If distrustful populism is your basic worldview, the Trump indictments seem like just another skirmish in the class war between the professionals and the workers, another assault by a bunch of coastal lawyers who want to take down the man who most aggressively stands up to them. Of course, the indictments don’t cause Trump supporters to abandon him. They cause them to become more fiercely loyal.
The question is not whether this in-your-face populism exists or whether there are problems that explain it; it’s whether it’s a justifiable response to those problems. And here, I think, Brooks’s attempt to understand the mind of the Trump supporter goes too far. Near the conclusion of his column, he writes:
Are Trump supporters right that the indictments are just a political witch hunt? Of course not. As a card-carrying member of my class, I still basically trust the legal system and the neutral arbiters of justice.
Even as Brooks disavows the Trumpist framing of Donald Trump’s indictments, he also semi-validates it by stressing that his trust in the system is a function of membership in the same elites he’s just declared to be the bad guys. Brooks is, you might say, checking his privilege.
And that’s the great irony of such a plea to understand Trumpist aggrieved populism: It is, in many ways, a mirror image of the same “woke” progressivism against which Trumpism is in part a pushback, and which conservatives have decried. In both cases, the argument suggests that law is merely an instrument of the powerful, objectivity is impossible, and the “marginalized” cannot be expected to respect legal and social norms. It’s no wonder “respectability politics” is as much of a slur in MAGA world as it is among social justice activists. In both cases, the politics of grievance are based on some real grievances: meritocratic elitism, like racism or sexism, is real (though in all these instances the dynamics are far more complex and far less pervasive than is claimed). In both cases, the politics of grievance offer bad solutions.

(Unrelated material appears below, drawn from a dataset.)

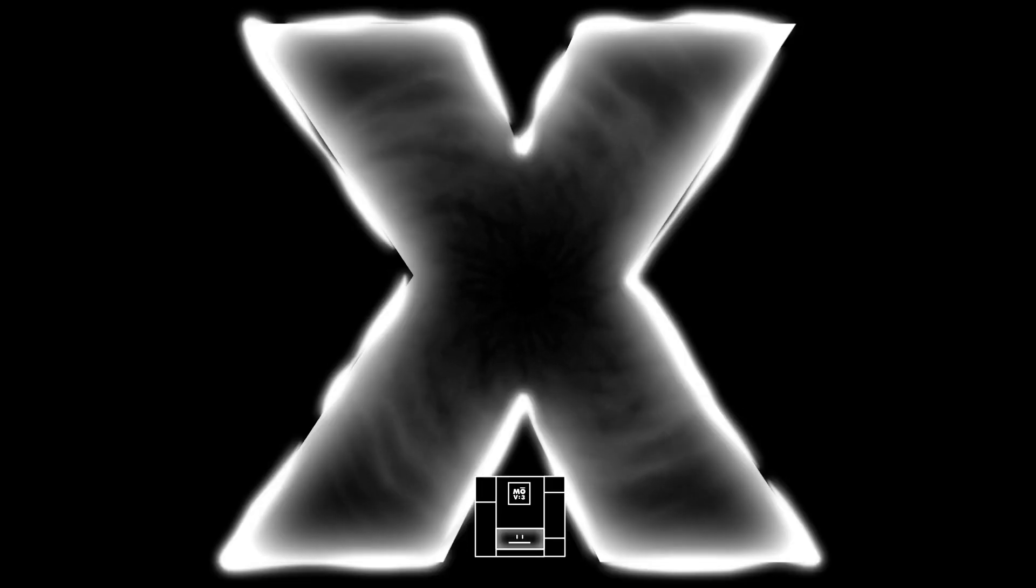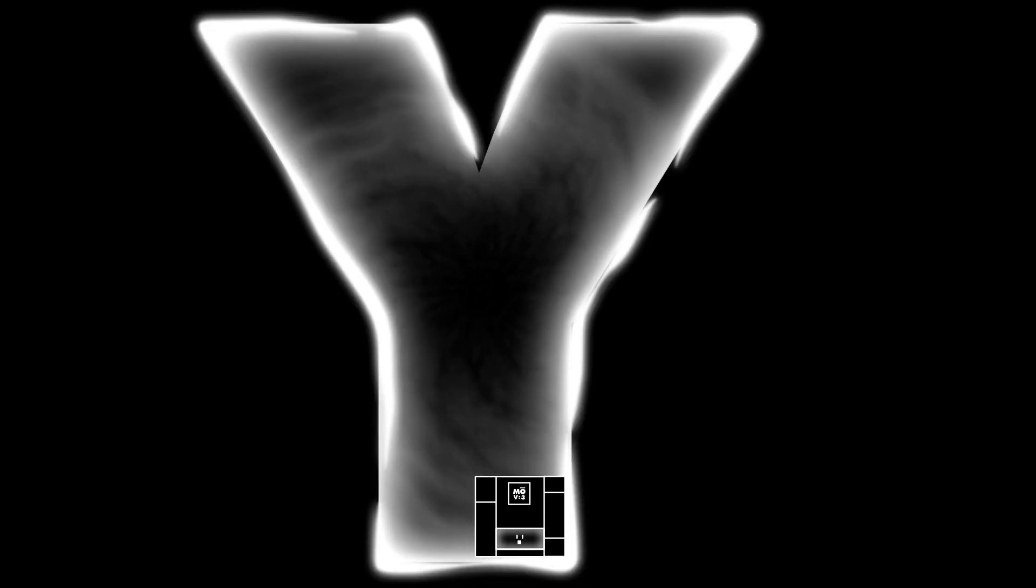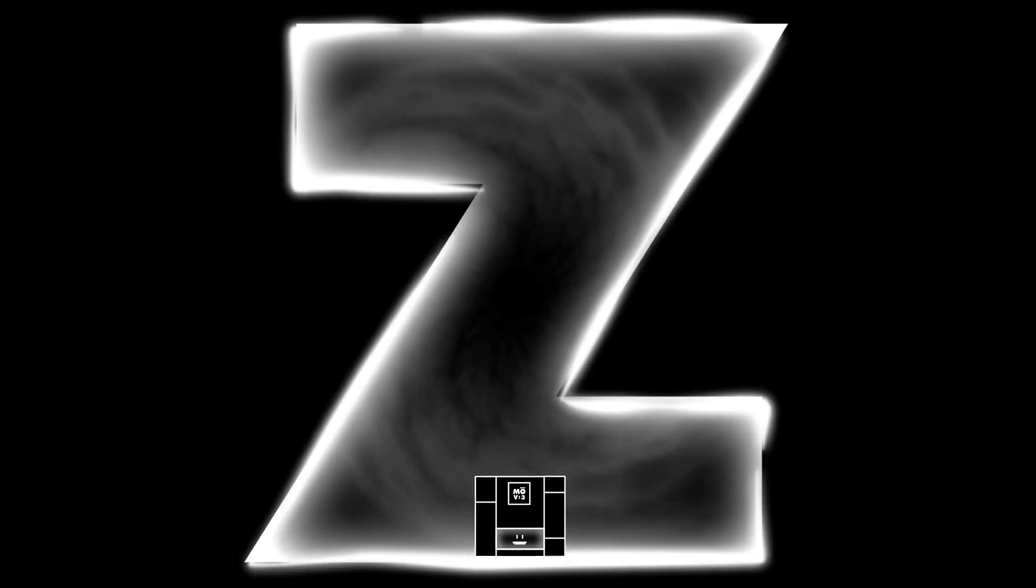One portal takes us to Future X. One portal takes us to Future Y. And one portal takes us to Future Z.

The alternative to Brooks’s proposal is to understand the Trump cult without excusing it. Yes, the liberal elites should acknowledge their mistakes. But let’s not exempt others from blame: the far-right activists and media entrepreneurs who have exploited and cultivated popular grievances for both political and financial profit, flooding the zone with conspiracy theories, lies, out-of-context factoids, and funhouse-mirror distortions to the point of fatally undermining many Americans’ confidence in institutions. Trump himself, of course, is a major source of such disinformation and conspiracy-mongering. But other GOP presidential hopefuls have leapt on the bandwagon during the primaries: A New York Times article on Monday documents the ways in which they feed the same toxic paranoia.
Let’s not forget the right-wing elites cosplaying anti-elitism. And let’s not declare Trumpism the language of the unheard.